======== Source material

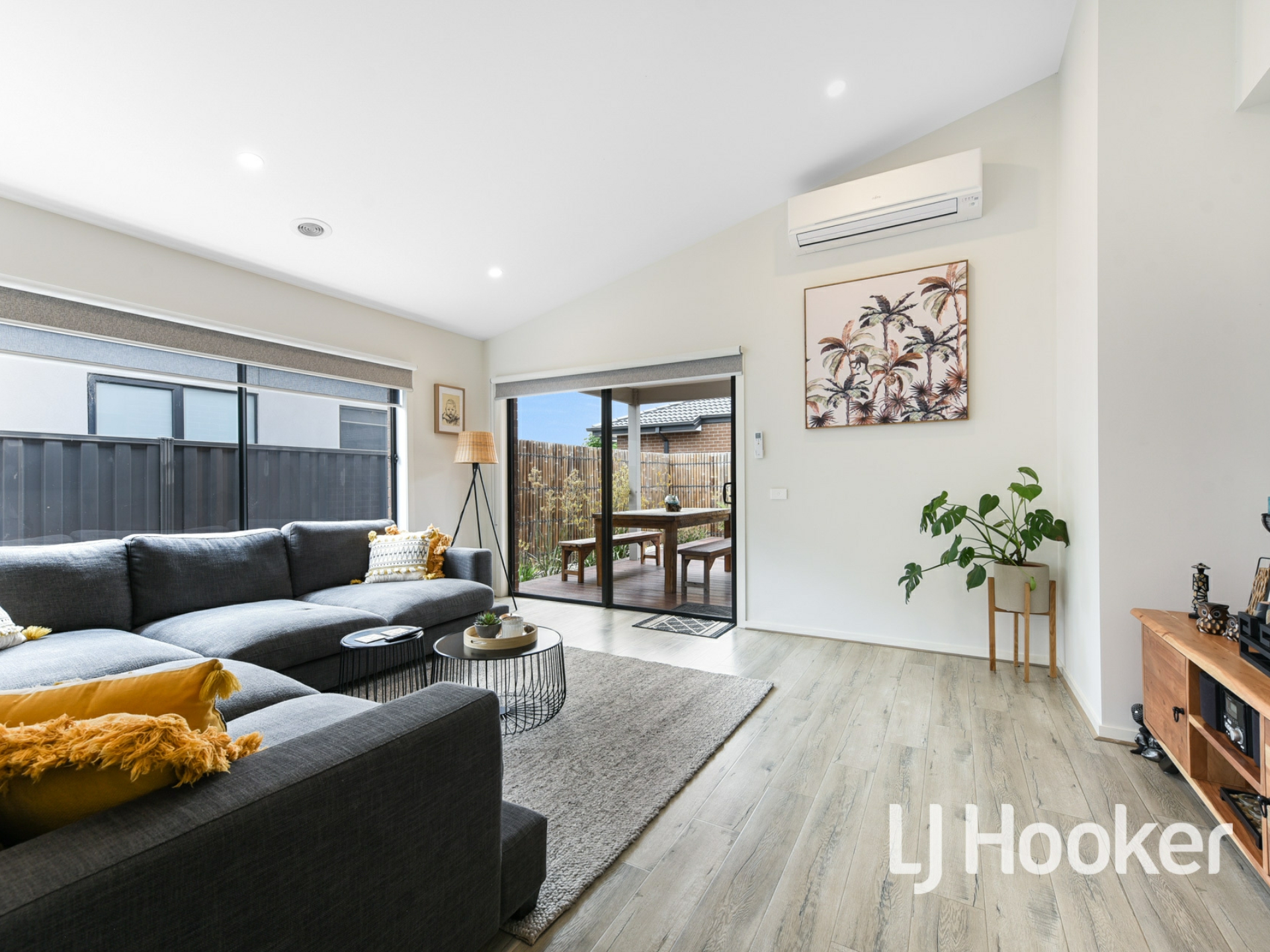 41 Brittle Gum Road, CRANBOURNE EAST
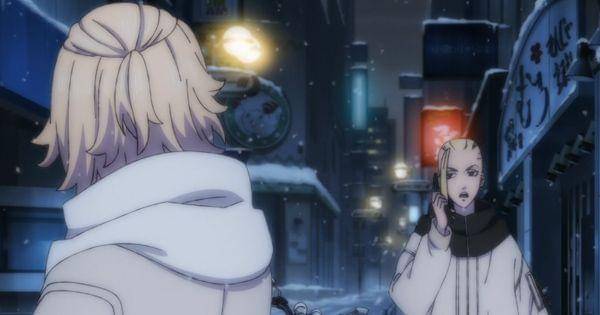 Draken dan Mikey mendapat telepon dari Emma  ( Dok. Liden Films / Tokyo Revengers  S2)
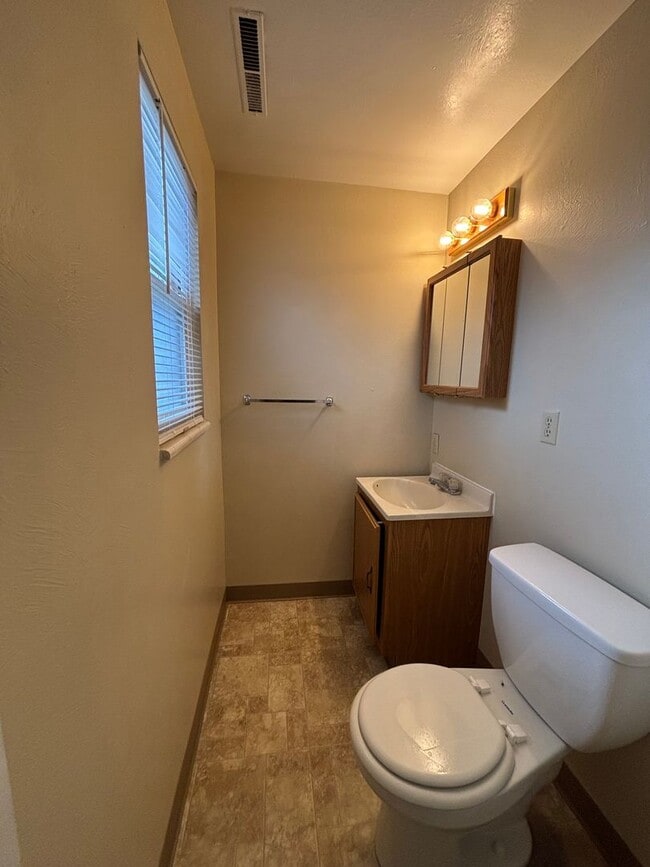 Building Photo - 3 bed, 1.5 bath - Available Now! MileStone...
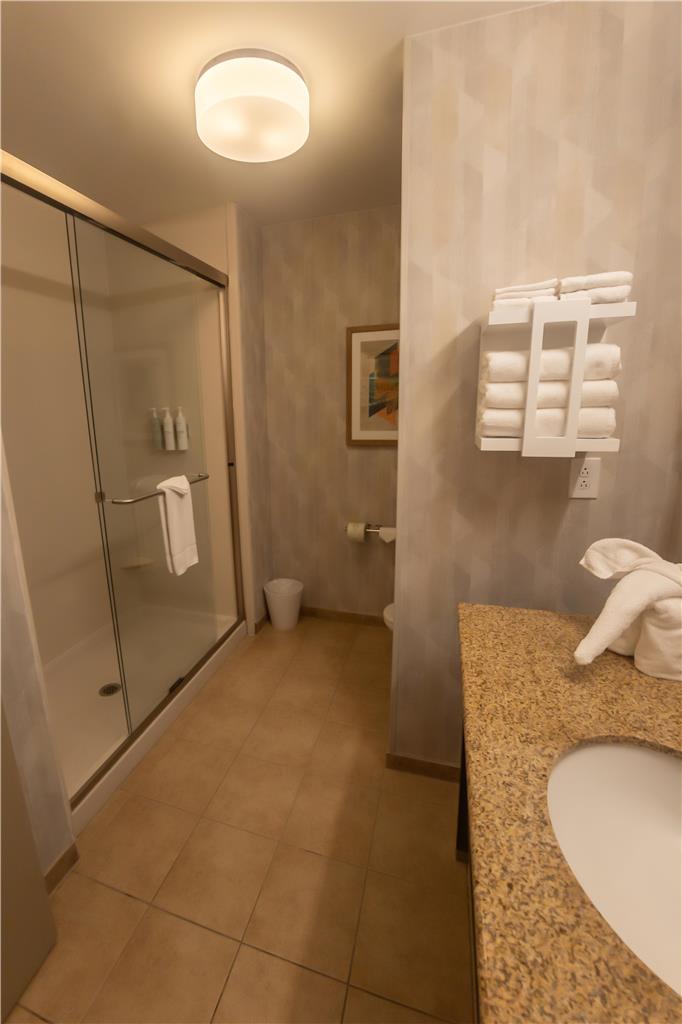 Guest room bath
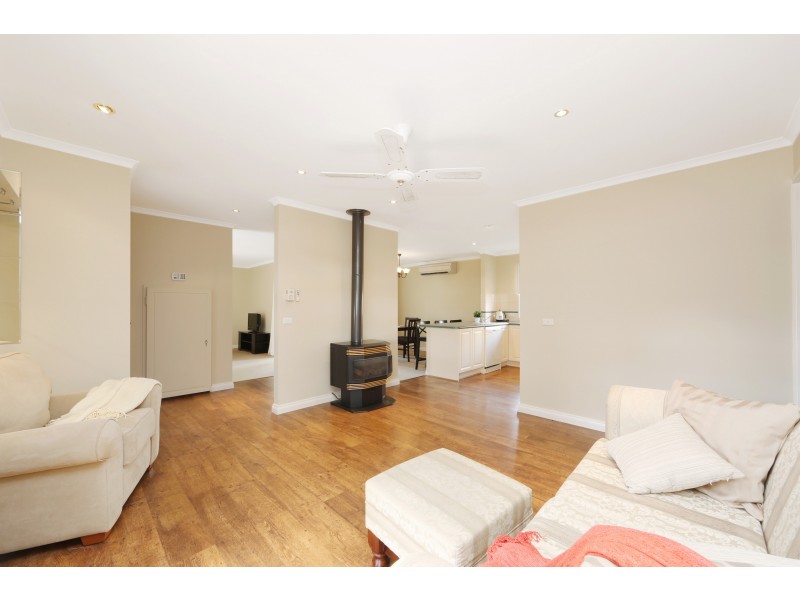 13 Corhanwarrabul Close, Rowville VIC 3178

================

▶ [Your task]
Give again, word for word, the line containing "Building Photo - 3" and every line after it to the end of the records; leave out the pictures.

▶ [Task answer]
 Building Photo - 3 bed, 1.5 bath - Available Now! MileStone...
 Guest room bath
 13 Corhanwarrabul Close, Rowville VIC 3178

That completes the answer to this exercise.